WORK INSTRUCTIONS.
When you return the data, keep every word exact and include none of the images.

RAW DATA.
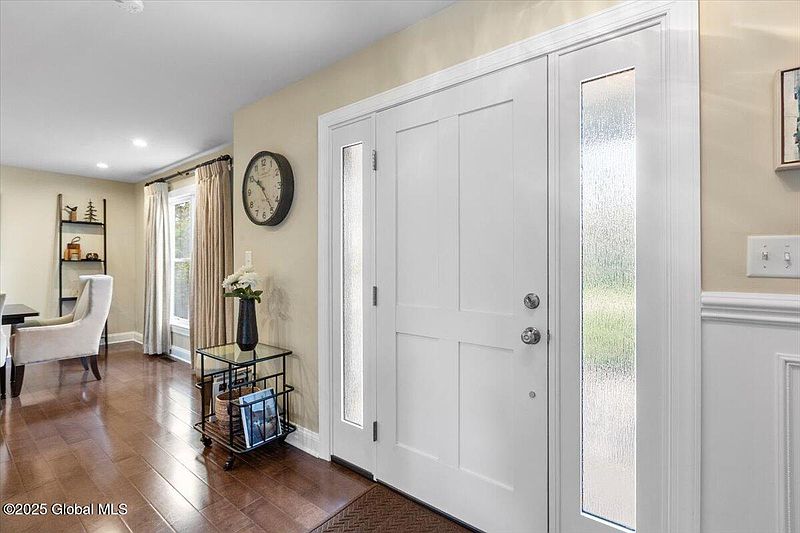 4th image of 14 Wyngate Road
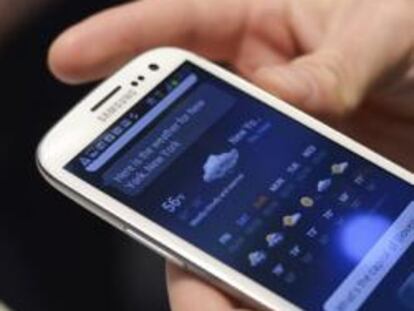 Samsung ha presentado el nuevo Galaxy SIII, que saldrá a la venta a finales de mayo de 2012. Cuenta con sistema operativo Android 4.0 Ice Cream Sandwich y un peso de 133 gramos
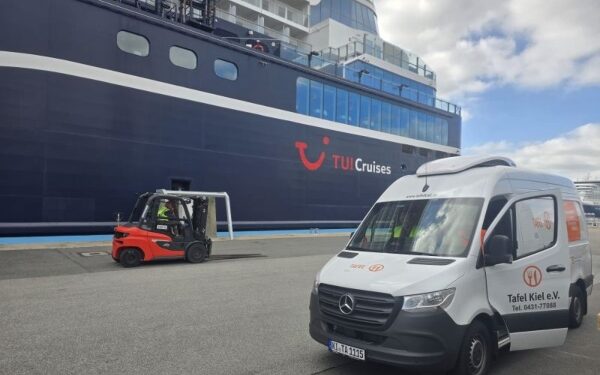 TUI Cruises dona alimentos excedentes en Puerto de Kiel
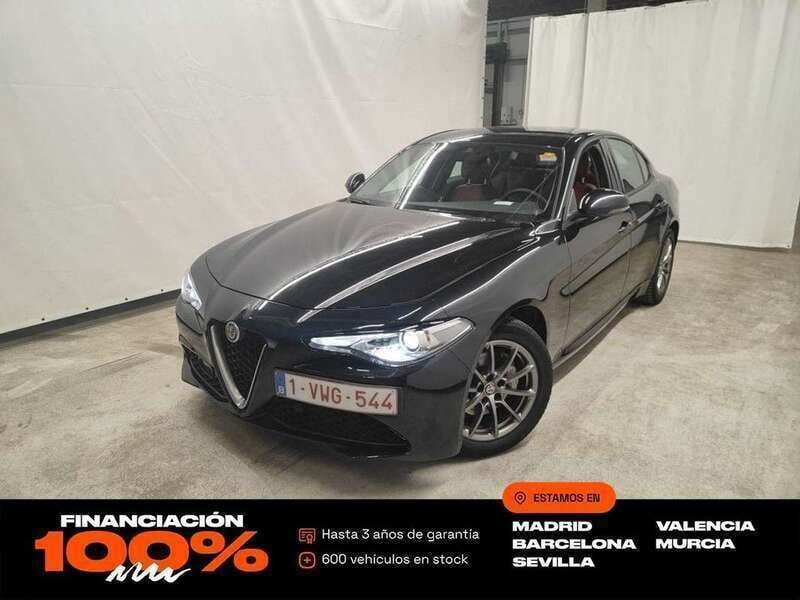 Negro Usado 2019 Alfa Romeo Giulia Executive Berlina | 22.850 € - Imagen 1/4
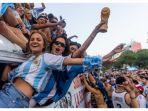 Warga-Buenos-Aires-merayakan.jpg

RESPONSE TO THIS TASK.
 4th image of 14 Wyngate Road
 Samsung ha presentado el nuevo Galaxy SIII, que saldrá a la venta a finales de mayo de 2012. Cuenta con sistema operativo Android 4.0 Ice Cream Sandwich y un peso de 133 gramos
 TUI Cruises dona alimentos excedentes en Puerto de Kiel
 Negro Usado 2019 Alfa Romeo Giulia Executive Berlina | 22.850 € - Imagen 1/4
 Warga-Buenos-Aires-merayakan.jpg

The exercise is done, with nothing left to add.